Would you transcribe only the lines from the one holding "American CAM-BK6 Military" through the end of the material, exactly, without any pictures?

*** Given material ***

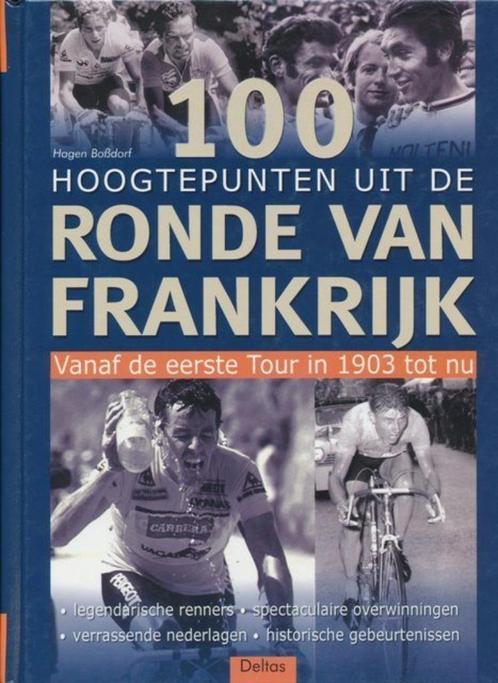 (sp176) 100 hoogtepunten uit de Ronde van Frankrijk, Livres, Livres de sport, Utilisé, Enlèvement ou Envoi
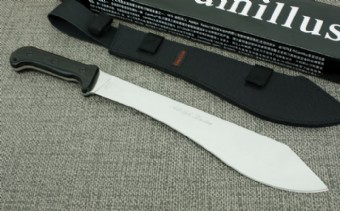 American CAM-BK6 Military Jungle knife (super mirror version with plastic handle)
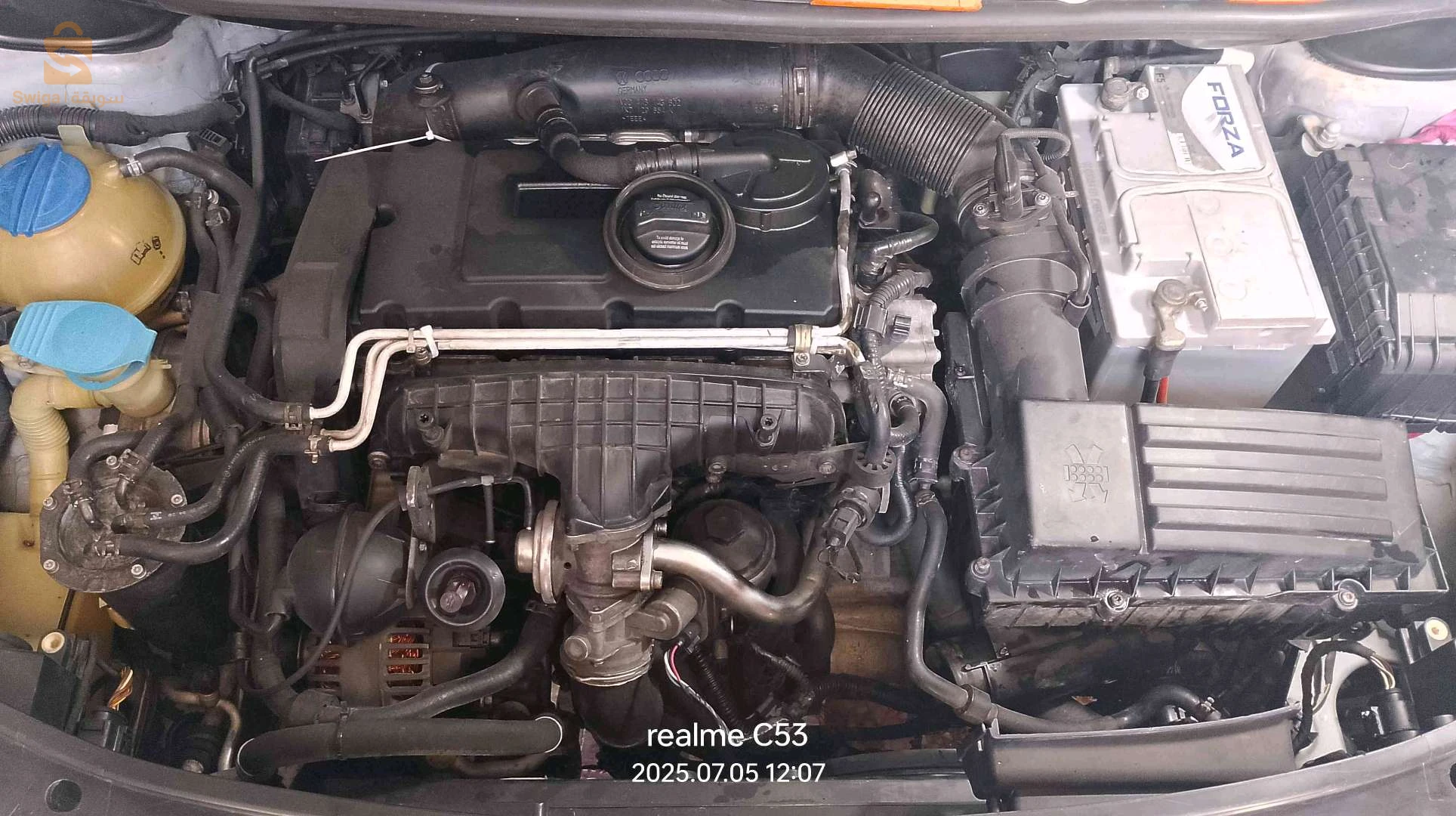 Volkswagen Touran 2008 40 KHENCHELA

***

■ **Answer below**:
 American CAM-BK6 Military Jungle knife (super mirror version with plastic handle)
 Volkswagen Touran 2008 40 KHENCHELA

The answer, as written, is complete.